Iranian authorities have raided the house of the country's best-known dissident, Akbar Ganji, supporters and relatives of the jailed writer say.
The EU has put pressure on Iran to free Akbar Ganji
His daughter telephoned a family friend during the raid who described her as being "very terrified".
Mr Ganji has been on a hunger strike for 59 days and both his lawyer and his wife have urged him to end the protest.
He was jailed in 2001 over articles linking Iranian leaders with a series of political killings in the 1990s.
The BBC's Frances Harrison in Tehran says it is not clear why the authorities raided the house when Mr Ganji has not been there for months.
The prosecutor's office may be planning to bring fresh charges or take legal action against his wife, who has been very outspoken about the case, our correspondent says.

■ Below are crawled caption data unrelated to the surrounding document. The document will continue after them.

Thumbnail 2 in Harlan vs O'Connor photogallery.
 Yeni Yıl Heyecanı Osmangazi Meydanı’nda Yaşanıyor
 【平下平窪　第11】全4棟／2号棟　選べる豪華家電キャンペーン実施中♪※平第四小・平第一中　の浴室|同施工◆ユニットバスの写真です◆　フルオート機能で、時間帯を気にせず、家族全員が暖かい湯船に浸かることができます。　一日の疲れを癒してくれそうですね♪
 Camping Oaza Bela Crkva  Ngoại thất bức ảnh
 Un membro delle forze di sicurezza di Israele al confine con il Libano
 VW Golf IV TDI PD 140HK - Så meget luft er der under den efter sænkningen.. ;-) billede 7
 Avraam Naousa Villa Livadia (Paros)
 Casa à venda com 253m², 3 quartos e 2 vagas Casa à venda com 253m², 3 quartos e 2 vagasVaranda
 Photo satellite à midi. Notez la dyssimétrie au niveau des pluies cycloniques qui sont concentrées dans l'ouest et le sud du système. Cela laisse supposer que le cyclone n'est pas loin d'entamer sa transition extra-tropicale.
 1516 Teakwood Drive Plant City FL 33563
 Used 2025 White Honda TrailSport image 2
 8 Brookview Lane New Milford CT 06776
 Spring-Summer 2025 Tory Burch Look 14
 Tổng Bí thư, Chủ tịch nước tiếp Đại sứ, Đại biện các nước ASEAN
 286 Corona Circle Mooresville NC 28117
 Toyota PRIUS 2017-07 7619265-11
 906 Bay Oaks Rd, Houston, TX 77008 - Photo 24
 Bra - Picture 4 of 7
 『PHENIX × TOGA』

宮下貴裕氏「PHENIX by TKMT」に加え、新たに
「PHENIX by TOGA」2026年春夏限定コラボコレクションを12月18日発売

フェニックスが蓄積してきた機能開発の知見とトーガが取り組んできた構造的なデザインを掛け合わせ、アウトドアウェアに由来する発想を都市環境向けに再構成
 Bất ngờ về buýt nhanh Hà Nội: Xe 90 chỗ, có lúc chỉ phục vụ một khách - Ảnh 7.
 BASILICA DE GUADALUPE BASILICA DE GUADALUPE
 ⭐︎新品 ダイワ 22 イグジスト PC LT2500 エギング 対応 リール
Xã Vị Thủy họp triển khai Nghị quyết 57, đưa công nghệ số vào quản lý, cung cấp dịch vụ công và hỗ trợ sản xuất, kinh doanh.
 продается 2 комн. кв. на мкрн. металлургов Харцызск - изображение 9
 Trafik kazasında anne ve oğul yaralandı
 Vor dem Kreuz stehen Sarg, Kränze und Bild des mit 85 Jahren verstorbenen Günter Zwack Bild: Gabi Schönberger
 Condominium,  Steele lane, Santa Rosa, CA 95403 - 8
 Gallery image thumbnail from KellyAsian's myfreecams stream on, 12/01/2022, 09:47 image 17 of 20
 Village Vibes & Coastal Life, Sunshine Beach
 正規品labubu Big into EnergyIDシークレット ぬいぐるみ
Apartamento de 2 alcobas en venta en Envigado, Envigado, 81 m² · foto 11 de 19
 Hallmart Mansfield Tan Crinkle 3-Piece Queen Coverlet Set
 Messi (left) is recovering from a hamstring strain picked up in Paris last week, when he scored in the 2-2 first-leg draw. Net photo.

Correspondents have pointed out that the alleged raid on Mr Ganji's home coincided with Iranian Journalists' Day. There has been no confirmation from the authorities.
Prominent reformist journalist Issa Saharkhiz is quoted as saying: "Ganji's daughter, who was very terrified, contacted me for help because she said some agents from the Tehran prosecution branch were searching their place".
The European Union has urged Iran to release Mr Ganji on humanitarian grounds, but Tehran dismissed the request as illegal.
On Saturday Mr Ganji's wife, Massoumeh Shafeih, begged friends and supporters to persuade him to end the hunger strike.
She said she had not been able to see him for a week and having no news was destroying both her and the children.
She said after her last visit that Mr Ganji's health had deteriorated and may only live for a few more days.
Iran's Nobel Peace Prize winner Shirin Ebadi, who is his lawyer, also joined the appeal for him to end his hunger strike to save his life.